3. $$g$$ is concave upward on $$(-\infty, 0]$$ and on $$[0, \infty)$$ with a cusp at $$u = 0$$
Proof:

These results follow from standard calculus. In particular, $\int_{-\infty}^\infty g(u) du = \int_0^\infty e^{-u} du = 1$

Open the Special Distribution Simulator and select the Laplace distribution. Keep the default parameter value and note the shape of the probability density function. Run the simulation 1000 times and compare the emprical density function and the probability density function.

$$U$$ has distribution function $$G$$ given by $G(u) = \begin{cases} \frac{1}{2} e^u, & u \in (-\infty, 0] \\ 1 - \frac{1}{2} e^{-u}, & u \in [0, \infty) \end{cases}$

Proof:

Again this follows from basic calculus, since $$g(u) = \frac{1}{2} e^u$$ for $$u \le 0$$ and $$g(u) = \frac{1}{2} e^{-u}$$ for $$u \ge 0$$.

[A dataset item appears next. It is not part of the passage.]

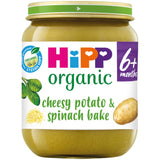 Cheesy Spinach & Potato Bake 125g - Greenlands Health Store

$$U$$ has quantile function $$G^{-1}$$ given by $G^{-1}(p) = \begin{cases} \ln(2 p), & p \in \left[0, \frac{1}{2}\right] \\ -\ln[2(1 - p)], & p \in \left[\frac{1}{2}, 1\right] \end{cases}$

1. $$G^{-1}(1 - p) = -G^{-1}(p)$$ for $$p \in (0, 1)$$
2. The first quartile is $$q_1 = -\ln(2) \approx -0.6931$$.
3. The median is $$q_2 = 0$$
4. The third quartile is $$q_3 = \ln(2) \approx 0.6931$$.
Proof:

The formula for the quantile function follows immediately from the distribution function above by solving $$p = G(u)$$ for $$u$$ in terms of $$p \in (0, 1)$$. Part (a) is due to the symmetry of $$g$$ about 0.

Open the Special Distribution Calculator and select the Laplace distribution. Keep the default parameter value. Compute selected values of the distribution function and the quantile function.

#### Moments

Assume again that $$U$$ has the standard Laplace distribution.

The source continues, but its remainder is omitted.